* REQUIRED WORK
Pictures are to be left out; otherwise, copy exactly the lines from the line containing "There's also the" through the end of the data.

━━━━━ DATA PROVIDED

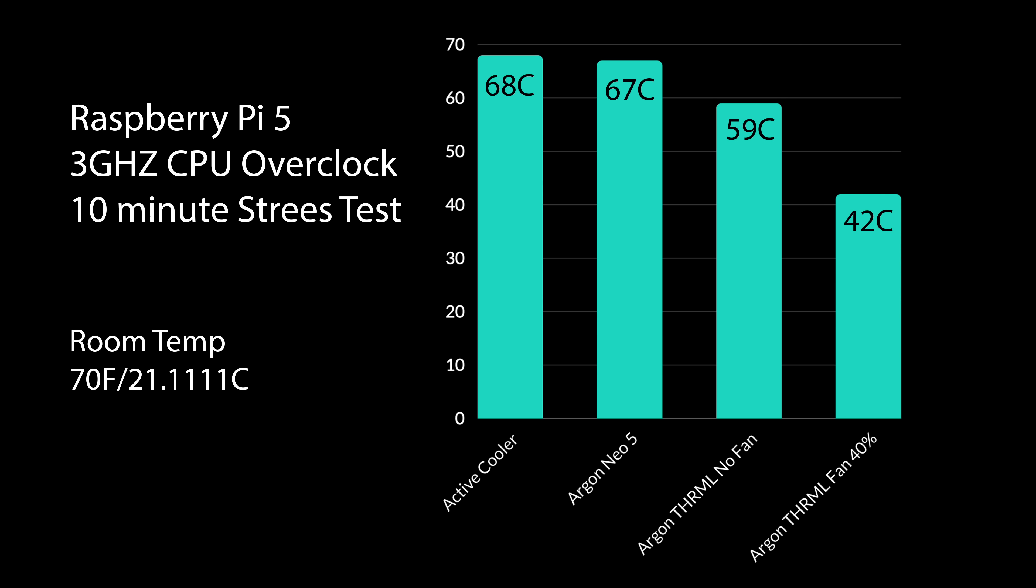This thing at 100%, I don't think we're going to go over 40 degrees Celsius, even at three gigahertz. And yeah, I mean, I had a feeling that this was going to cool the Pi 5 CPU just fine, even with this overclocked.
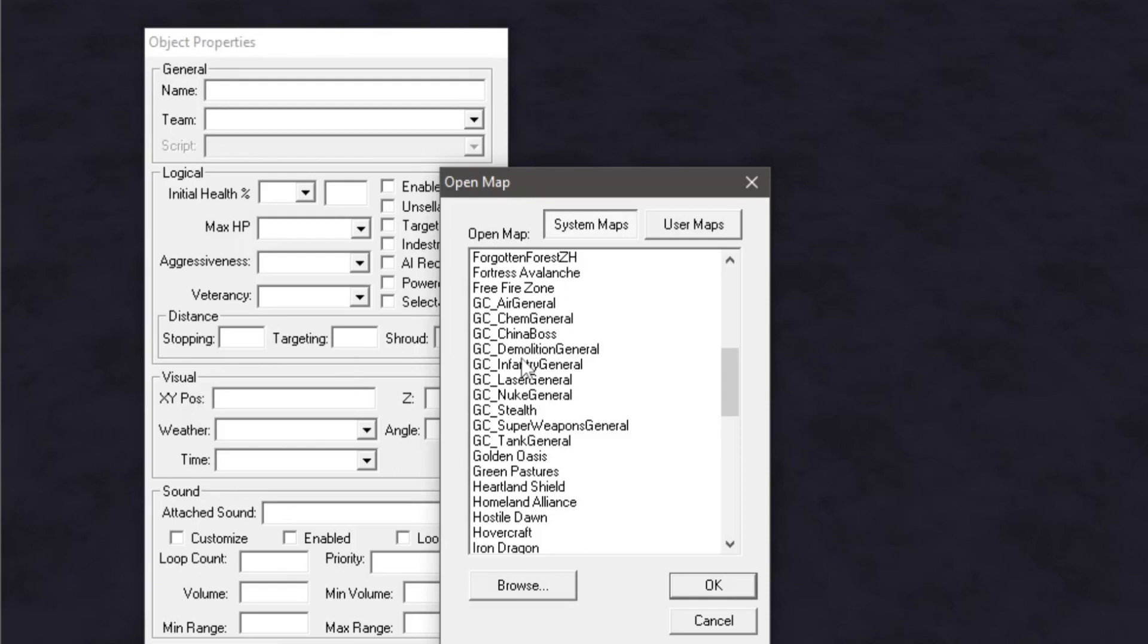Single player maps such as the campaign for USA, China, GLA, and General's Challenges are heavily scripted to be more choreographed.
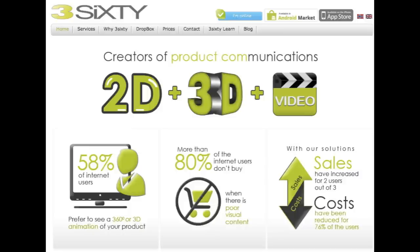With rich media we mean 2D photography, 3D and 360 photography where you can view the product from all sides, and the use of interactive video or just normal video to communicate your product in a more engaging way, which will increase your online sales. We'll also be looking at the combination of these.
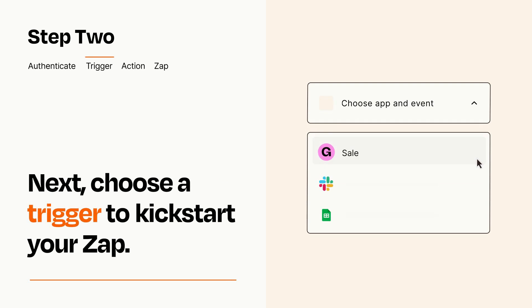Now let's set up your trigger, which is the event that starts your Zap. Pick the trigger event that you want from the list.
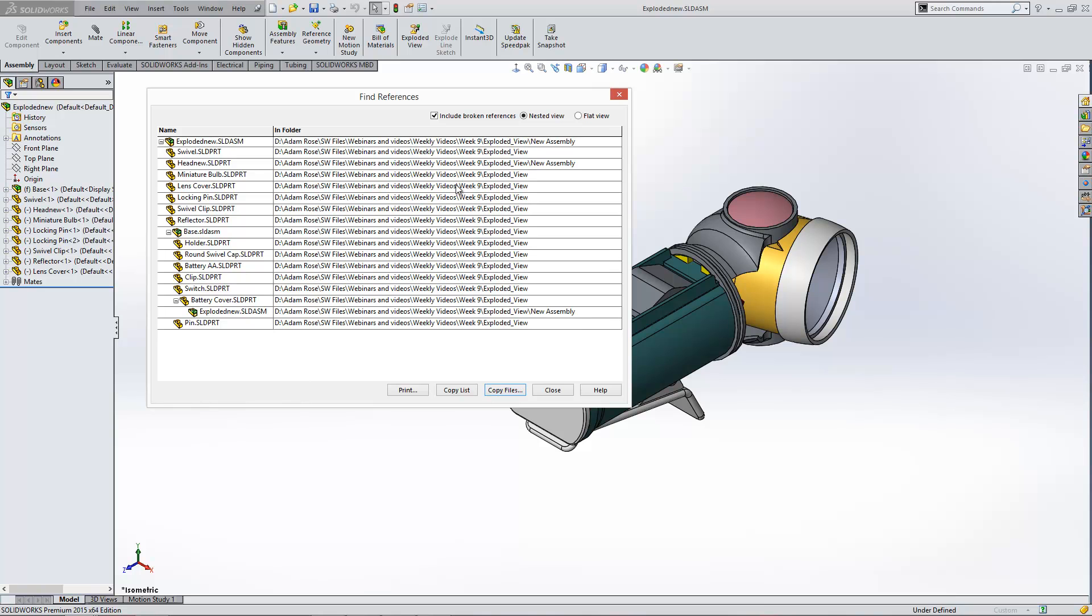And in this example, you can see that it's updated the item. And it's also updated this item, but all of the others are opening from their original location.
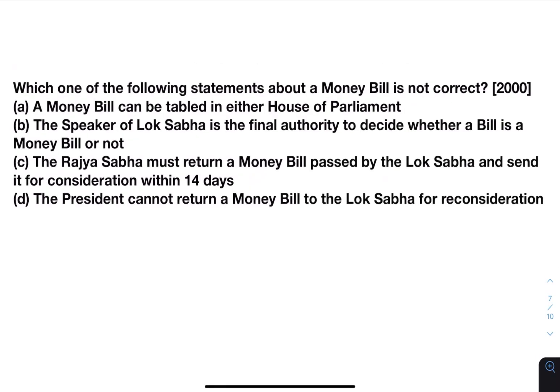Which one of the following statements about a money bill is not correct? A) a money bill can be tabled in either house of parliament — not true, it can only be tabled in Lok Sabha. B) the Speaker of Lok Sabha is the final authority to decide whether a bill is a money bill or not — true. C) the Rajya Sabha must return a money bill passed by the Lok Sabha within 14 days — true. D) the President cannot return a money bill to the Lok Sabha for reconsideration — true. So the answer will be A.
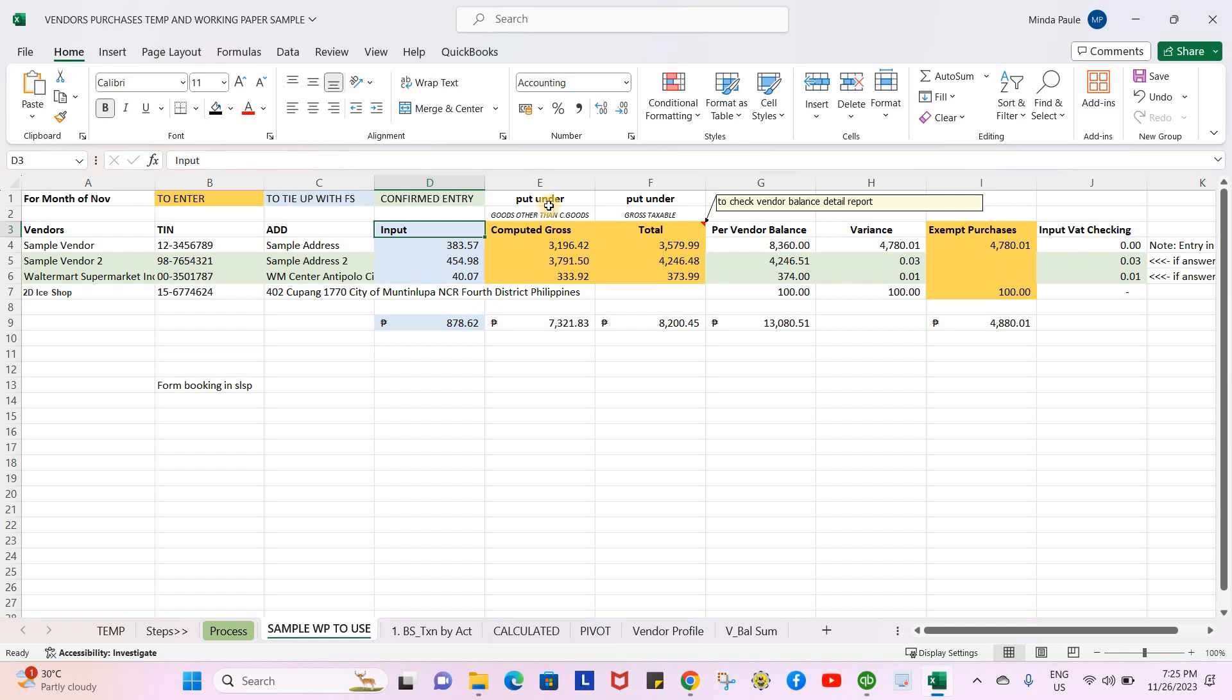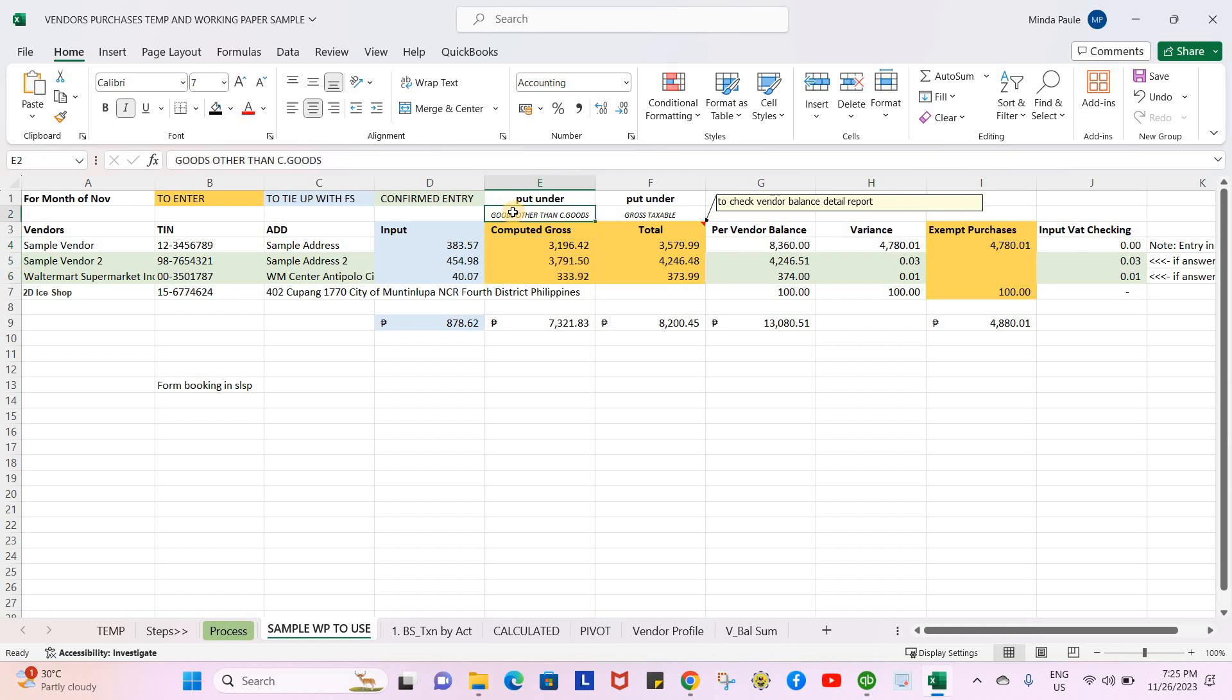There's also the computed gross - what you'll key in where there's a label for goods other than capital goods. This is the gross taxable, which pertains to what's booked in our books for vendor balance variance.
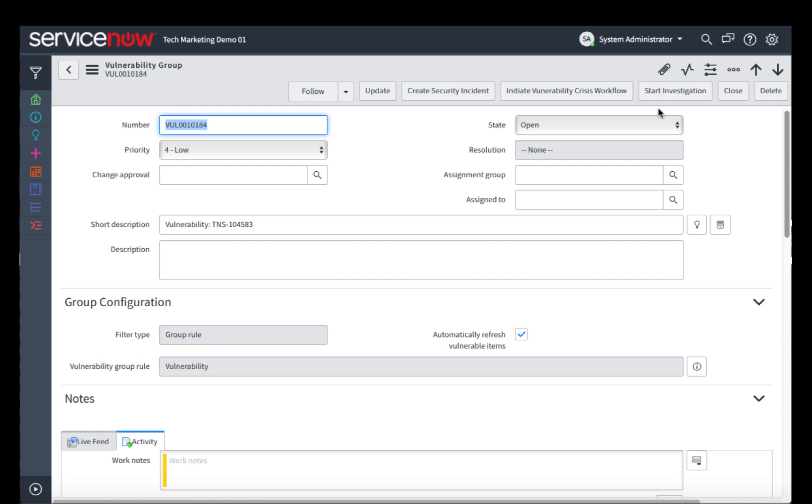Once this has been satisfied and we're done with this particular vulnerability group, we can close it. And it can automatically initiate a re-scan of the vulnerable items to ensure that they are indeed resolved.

━━━━━━━━━━

* TASK ANSWER
There's also the computed gross - what you'll key in where there's a label for goods other than capital goods. This is the gross taxable, which pertains to what's booked in our books for vendor balance variance.
Once this has been satisfied and we're done with this particular vulnerability group, we can close it. And it can automatically initiate a re-scan of the vulnerable items to ensure that they are indeed resolved.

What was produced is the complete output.